Date: Thu, 28 Aug 2025 09:05:01 -0700
On Thursday, 28 August 2025 05:08:32 Pacific Daylight Time David Brown via Std-
Proposals wrote:
> > Yes. I'm didn't pass a quality judgement above (but will below). I was
> > just
> > stating fact: UTF-16 is in use as an in-memory representation for Unicode
> > far more frequently than UTF-8 or UTF-32, given that Java,
> > Cocoa/CoreFoundation, ICU, Qt and the Win32 API all use it.
>
> OK. It surprises me that this is the case even for modern code,
> especially as many newer languages use UTF-8 almost everywhere, and the
> *nix world has traditionally used 8-bit or 32-bit encodings rather than
> 16-bit. But you have a lot more direct experience than me here - my own
> use of Unicode data has rarely involved anything that would care about
> in-memory representation (and things like collation have been handled by
> a database server rather than my own code).
Note I am talking about specifically "Unicode content", not "arbitrary payloads
that may or may not be Unicode", such as file paths.

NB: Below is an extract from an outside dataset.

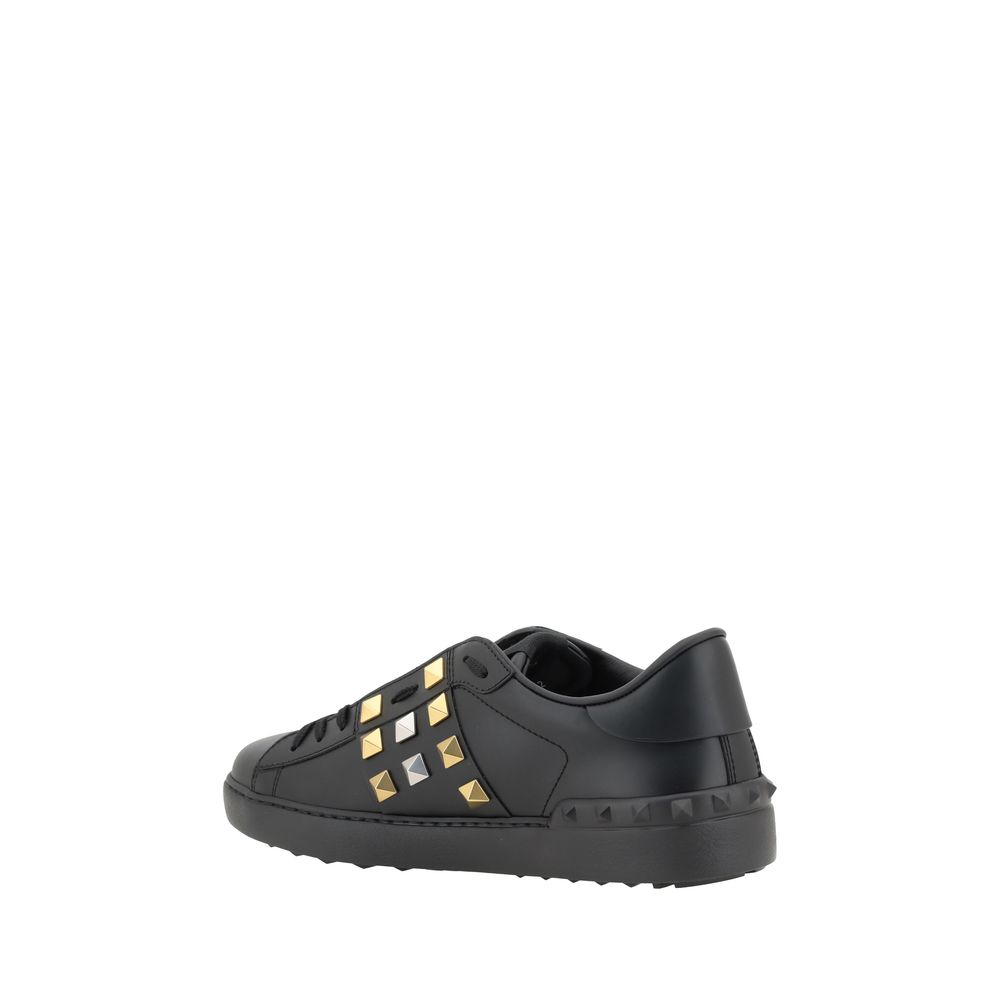 Valentino Garavani Rockstud Sneakers -   -  Valentino Garavani. Valentino Garavani Rockstud Sneakers -   -  Valentino Garavani.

I am not disputing
applications use 8-bit a lot and thus would encode file names as UTF-8 if they
could.
> > UTF-8 is used a great deal but usually
> > in the context of arbitrary 8-bit encodings. If you try to find software
> > that will decode from a specified 8-bit encoding onto one of the UTF
> > codecs, you'll find that it's invariably UTF-16, not 8 or 32.
>
> A quick google search for "C++ library converting Latin-9 to Unicode"
> gave me UTF-8 only solutions and libraries that handled UTF-8, UTF-16
> and UTF-32. I did not come across any that were UTF-16 only, in my
> admittedly highly unscientific and non-representative search.

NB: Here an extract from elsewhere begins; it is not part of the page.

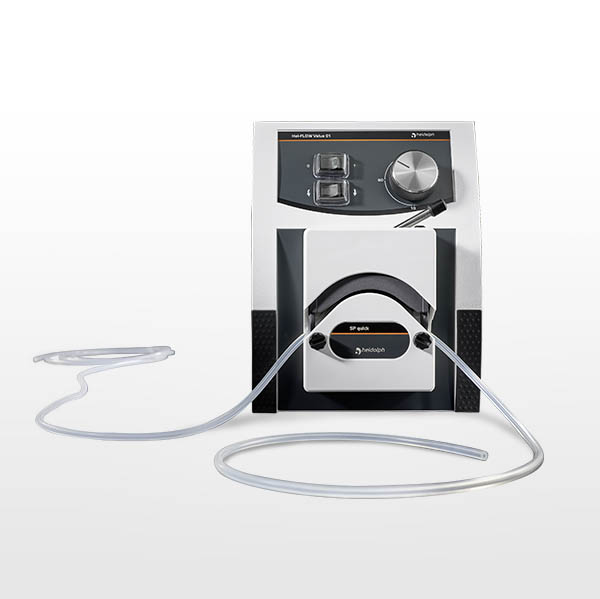 Hei-FLOW Peristaltic Pumps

I didn't mean the conversion algorithms didn't exist. All conversions are
basically decode into UTF-32 and then encode into something else, so encoding
to UTF-8 or encoding to UTF-16 is as easy.
My argument was how much of each of them was used. You need to look into
what's happening afterwards of the conversion. As the example I gave before:
try to collate two strings or a string list. There are 5 ways I can think of:
strcoll(), wcscoll(), ICU's ucol_strcoll, Win32 CompareStringEx and
CoreFoundation's NSString (Qt's QCollator wraps the above). strcoll() is the
POSIX/Unix "arbitrary 8-bit", wcscoll() is either UTF-16 or UTF-32 depending
on OS, the other three are UTF-16.
POSIX.1-2008 added strcoll_l(), but support for the *_l functions has been
slow.
> How often do you actually need to decode the strings? Normally you are
> passing around full strings, where smaller memory usage means faster
> copying and decode speed does not matter. UTF-8 strings can be
> searched, cut up, and pasted together quite happily. And when you /do/
> need to decode or encode for things like collation, normalisation or
> case changes, the speed for decoding UTF-16 vs. UTF-8 is unlikely to be
> a major factor. (The time taken for converting back and forth between
> UTF-8 and UTF-16 when input/output is UTF-8 and some languages,
> libraries and APIs need UTF-8 can be a factor.)
When talking about Unicode manipulation, which is what we're talking about,
all the time.
I agree that if the Unicode algorithms were written anew everywhere, decoding
and operating on UTF-8 input would be as fast as UTF-16 (it's slightly more
complex, but since it can fit more data per cacheline for mostly-ASCII content,
that compensates). But those library implementations are all already written
and use UTF-16. If the C++ Standard wants to support certain Unicode
operations, implementations will either need to rewrite those algorithms from
scratch or will need to deal with UTF-16.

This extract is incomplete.